Lead author Osterloo found the sites by looking through thousands of THEMIS images processed to reveal, in false colors, compositional differences on the Martian surface. As she explains, "I started noting these sites because they showed up bright blue in one set of images, green in a second set, and yellow-orange in a third."

Says team member Christensen, "THEMIS gives us a good look at the thermal infrared, the best part of the spectrum for identifying salt minerals by remote sensing from orbit."

When plotted on a global map of Mars, the chloride sites appeared only in the southern highlands, the most ancient rocks on Mars.

Lay of the Land

Christensen goes on to characterize the sites' geological setting. "Many of the deposits lie in basins with channels leading into them," he says. "This is the kind of feature, like salt-pan deposits on Earth, that's consistent with water flowing in over a long time."

Christensen, a Regents' Professor of Geological Sciences at ASU's School of Earth and Space Exploration in the College of Liberal Arts and Sciences, designed THEMIS and is the instrument's principal investigator.

Says Osterloo, "The deposits range in area from about one square kilometer to about 25 square kilometers," or about 0.4 square mile to about 10 square miles. She adds, "Because the deposits appear to be disconnected from each other, we don't think they all came from one big, global body of surface water." Instead, she says, "They could come from groundwater reaching the surface in low spots. The water would evaporate and leave mineral deposits, which build up over years."

The scientists think the salt deposits formed mostly in the middle to late Noachian epoch, a time that researchers have dated to about 3.9 to 3.5 billion years ago. Several lines of evidence suggest Mars then had intermittent periods of substantially wetter and warmer conditions than today's dry, frigid climate.

Looking for Life

Up to now, scientists looking for evidence of past life on Mars have focused mainly on a handful of places that show evidence of clay or sulfate minerals. The reasoning is that clays indicate weathering by water and that sulfates may form by water evaporation.

The new research, however, suggests an alternative mineral target to explore for biological remains. Says Christensen, "By their nature, salt deposits point to a lot of water, which could potentially remain standing in pools as it evaporates." That's crucial, he says. "For life, it's all about a habitat that endures for some time."

There may also be a concentrating effect, Christensen adds. "The deposits lie in what are probably sedimentary basins.

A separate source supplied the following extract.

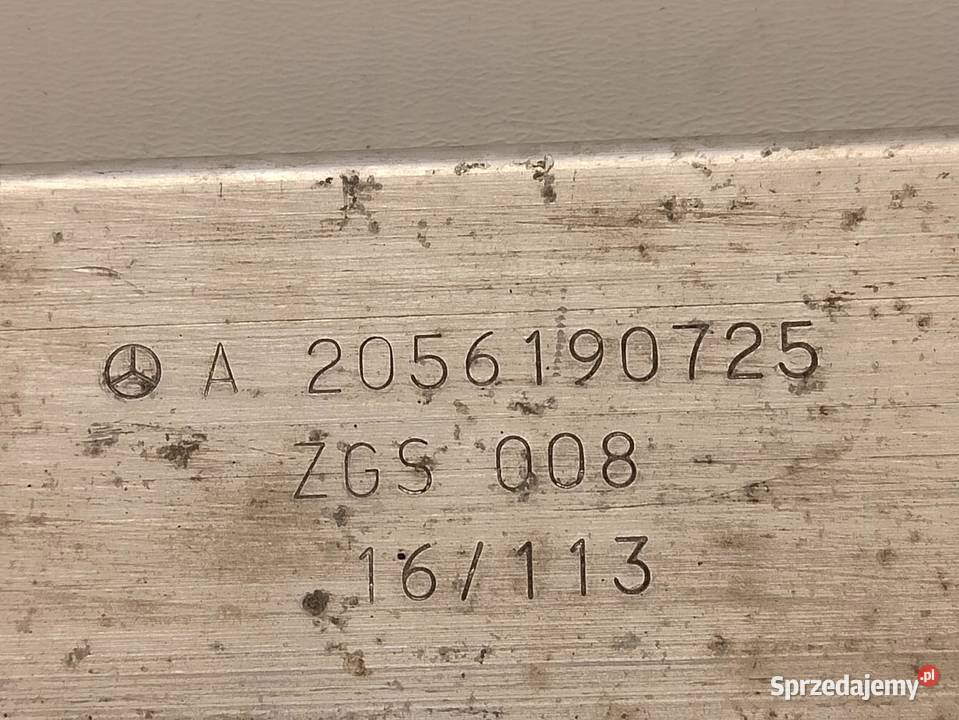 MERCEDES W205 BELKA ROZPÓRKA WSPORNIK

If you look upstream, you might find only a trace of organic materials because they're thinly dispersed." But over a long period of time, he explains, "The water flowing into a basin can concentrate the organic materials and they could be well preserved in the salt."

Whether or not the Red Planet ever had life is the biggest scientific question driving Mars research. On Earth, salt has proven remarkably good at preserving organic material. For example, bacteria have been revived in the laboratory after being preserved in salt deposits for millions of years.

NASA is currently studying potential landing sites for its Mars Science Laboratory (MSL), a new-generation rover due for launch in fall 2009. Sites featuring clay deposits number heavily in the short-list of candidate places to send the rover.

Christensen says, "Scientists have studied Martian clay mineral sites for years now, and it's natural they should be considered as targets for the Mars Science Laboratory rover. However, the discovery of chloride minerals in topographic basins within the oldest rocks on Mars should also be considered as an alternative mineralogy for MSL or future rovers to explore."

"This discovery demonstrates the continuing value of the Odyssey science mission, now entering its seventh year," says Jeffrey Plaut, Odyssey project scientist at the Jet Propulsion Laboratory. "The more we look at Mars, the more fascinating a place it becomes."